(Day 227) Reading more about DL at scale

Ivan Ivanov · August 15, 2024

Hello :) Today is Day 227!

A quick summary of today:

  • reading a bit more of the Deep Learning at Scale book on O’Reilly
  • started a new book by a Microsoft data scientist and ex-MIT researcher
  • found some new courses to try out

Deep Learning at Scale Chapter 2. Deep Learning

image

Data Flow in Deep Learning

image

  1. Incoming Data & Data at Rest:
    • Foundation: Data collection, governance, labeling, and management.
    • Human-Centric: Heavily involves humans in data generation and labeling.
    • Efficiency: A fluid process here enhances the scalability of the model development.
  2. Data Preprocessing:
    • ETL Process: Involves extracting, transforming, and loading data for model use.
    • Pipeline: Feeds input data into the model.
  3. The Model:
    • Mathematical Operations: Series of chained operations forming the model.
    • Compression Algorithm: Extracts latent knowledge during learning.
  4. Forward Pass:
    • Prediction: Applying the chain of operations to produce the model’s output.
    • Initialization: Parameters are initialized randomly or via transfer learning.
  5. Error Calculation:
    • Feedback: Measures how wrong the model’s predictions are.
    • Loss Function: Guides learning by defining error through a specific mathematical function.
  6. Backward Pass:
    • Parameter Adjustment: Modifies model parameters based on error feedback.
    • Gradient Descent: Uses derivatives to adjust parameters, minimizing error iteratively.
  7. Output:
    • Final Model: Represents “compressed” knowledge, ready for inference.
    • Inference: Applying the trained model to new data to make predictions.
  8. Feedback:
    • Continual Learning: Updates the model post-inference to maintain relevance.
    • Monitoring: Includes model monitoring, drift analysis, and user feedback to improve the model.

Besides this, the other bit was using the book code and creating a simple tensorflow and then pytorch lightning model and using it for inference on MNIST.

Deep Learning at Scale Chapter 3. The Computational Side of Deep Learning

This chapter talked about how computations are performed on the hardware and how acceleration is achieved through hardware advancements. It concentrated more on the hardware side, and below is a quick overview:

Computer Architecture

  • The Birth of the Electromechanical Engine: Discusses the origins of computing machines, focusing on the development of the first electromechanical engines.
  • Memory and Persistence: Explores the concepts of memory in computing, particularly how data is stored and retained over time.
  • Computation and Memory Combined: Looks at the integration of computation and memory within computing systems, highlighting their interdependence.

The Scaling Laws of Electronics

  • Covers the principles that govern the scaling of electronic components, likely referring to Moore’s Law and related concepts.

Scaling Out Computation with Parallelization

  • Threads Versus Processes: The Unit of Parallelization: Compares and contrasts threads and processes, examining their roles in parallel computing.
  • Hardware-Optimized Libraries for Acceleration: Discusses specialized libraries designed to enhance computational performance through hardware optimization.
  • Parallel Computer Architectures: Flynn’s and Duncan’s Taxonomies: Explores the classification of parallel computer architectures using Flynn’s and Duncan’s taxonomies.

Accelerated Computing

  • Popular Accelerated Devices for Deep Learning: Reviews commonly used hardware accelerators that boost the performance of deep learning tasks.
  • CUDA: Focuses on CUDA, a parallel computing platform and programming model developed by NVIDIA, which is widely used for high-performance computing and deep learning.
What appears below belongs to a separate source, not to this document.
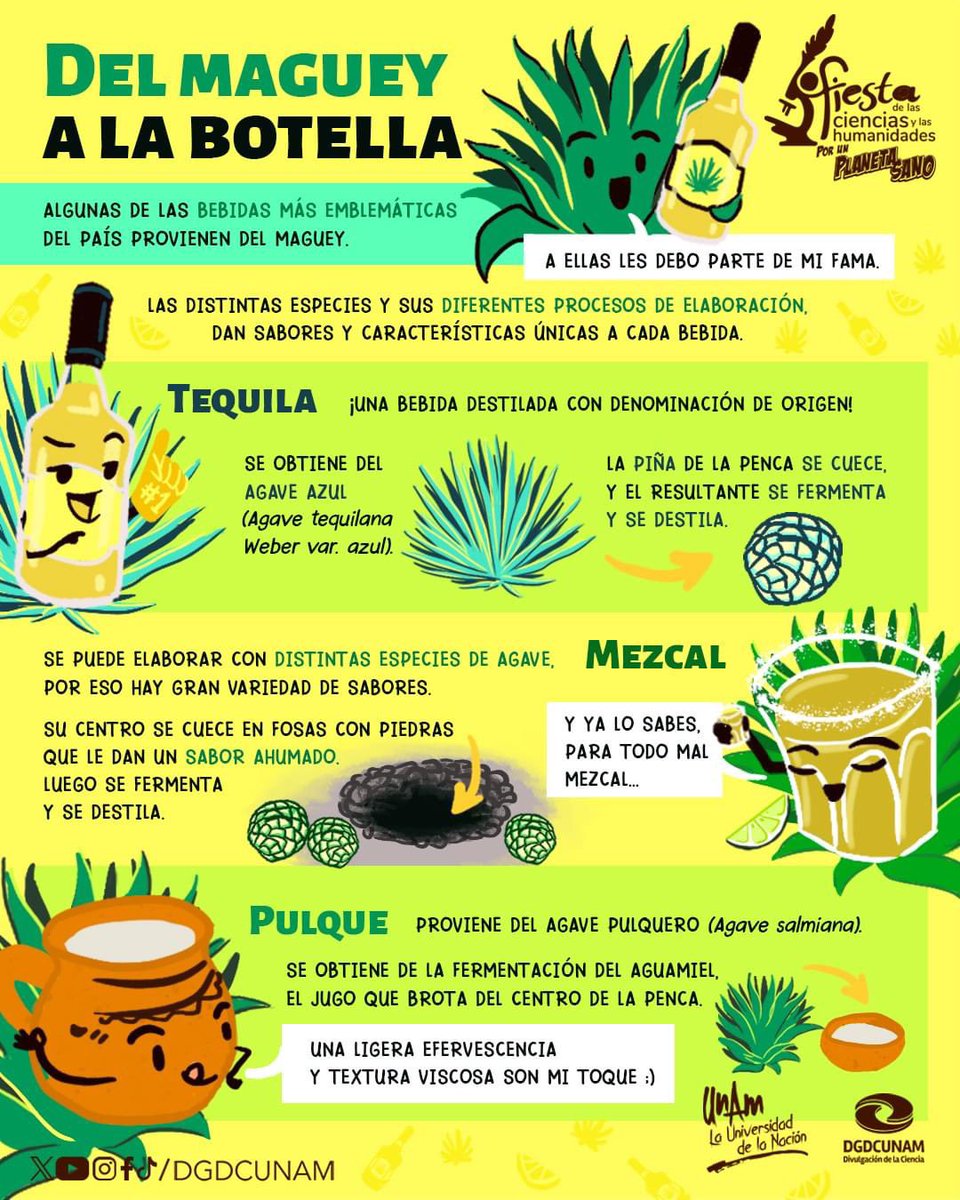 Pulque Penca Larga (@penca_larga) • Instagram photos and videos, image size:960x1200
Deep Learning at Scale Chapter 4. Putting It All Together: Efficient Deep Learning

GPT-2

Key contributors to scale

  • Transformer attention block
  • Unsupervised training
  • Zero-shot learning
  • Parameter scale

provided GPT2 model code:

datamodule = WikiDataModule(name=model_name, batch_size=batch_size, 
                            num_workers=num_workers)
model = GPT2Module(name=model_name)

trainer = PLTrainer(
    accelerator="auto",
    devices=="auto",
    max_epochs=max_epochs,
    callbacks=[
        TQDMProgressBar(refresh_rate=refresh_rate),
        ckpt_cb,
        DeviceStatsMonitor(cpu_stats=True),
        EarlyStopping(monitor="val/loss", mode="min"),
    ],
    logger=[
        exp_logger,
        TensorBoardLogger(save_dir=result_dir / "logs"),
    ],
    profiler=torch_profiler,
)
trainer.fit(model, datamodule)

Everything is provided so to run anything, the book gives a simple command like:

deep-learning-at-scale chapter_4 train_gpt2

The book introduces Aim for experiment tracking. It is an alternative to MLflow and I will keep it in mind to check later and try it myself.

exp_logger = AimLogger(
    experiment=exp_name,
    train_metric_prefix="train/",
    val_metric_prefix="val/",
    test_metric_prefix="test/",
)

Modeling Techniques to Scale Training on a Single Device

Graph Compilation

  • torch.compile: Converts torch.nn.Module to OptimizedModule, optimizing graph modules for performance gains (30% to 200%).
  • fullgraph: Generates a static graph without eager mode fallback, more efficient when control flow is absent.
  • Compilation Modes:
    • default: Balanced approach for large models.
    • reduce-overhead: Minimizes framework overhead, suitable for smaller models.
    • max-autotune: Maximizes tuning for the fastest performance but has the longest compilation time.
  • Example Usage:
torch.compile(self.model, mode="max-autotune")
  • Debugging: Use TORCH_LOGS=”graph_breaks,recompiles” for debugging compilation issues.
  • Batch Size Optimization: For an A100 SXM 80 GB GPU, a batch size of 24 is optimal for training with single precision (fp32).

Reduced- and Mixed-Precision Training

  • Memory Consumption: Divided into model parameters, input data, activations, gradients, optimizer states, and metrics/losses.
  • Mixed Precision:
    • Combines single- and half-precision formats for efficient computation.
    • Implemented using torch.cuda.amp for CUDA-compatible devices.
    • Memory Penalty: Requires 1.5x memory compared to single precision.
  • Usage:
Trainer(precision="16-mixed")
  • Gradient Scaling and Clipping:
    • Gradient Scaling: Manages precision loss with torch.cuda.amp.GradScaler.
    • Gradient Clipping: Mitigates exploding gradients by capping gradient values.
  • 8-bit Optimizers and Quantization:
    • Techniques like dynamic tree quantization and block quantization help reduce memory while maintaining accuracy.
    • Implementations available in bitsandbytes library, e.g., bnb.optim.Adam8bit.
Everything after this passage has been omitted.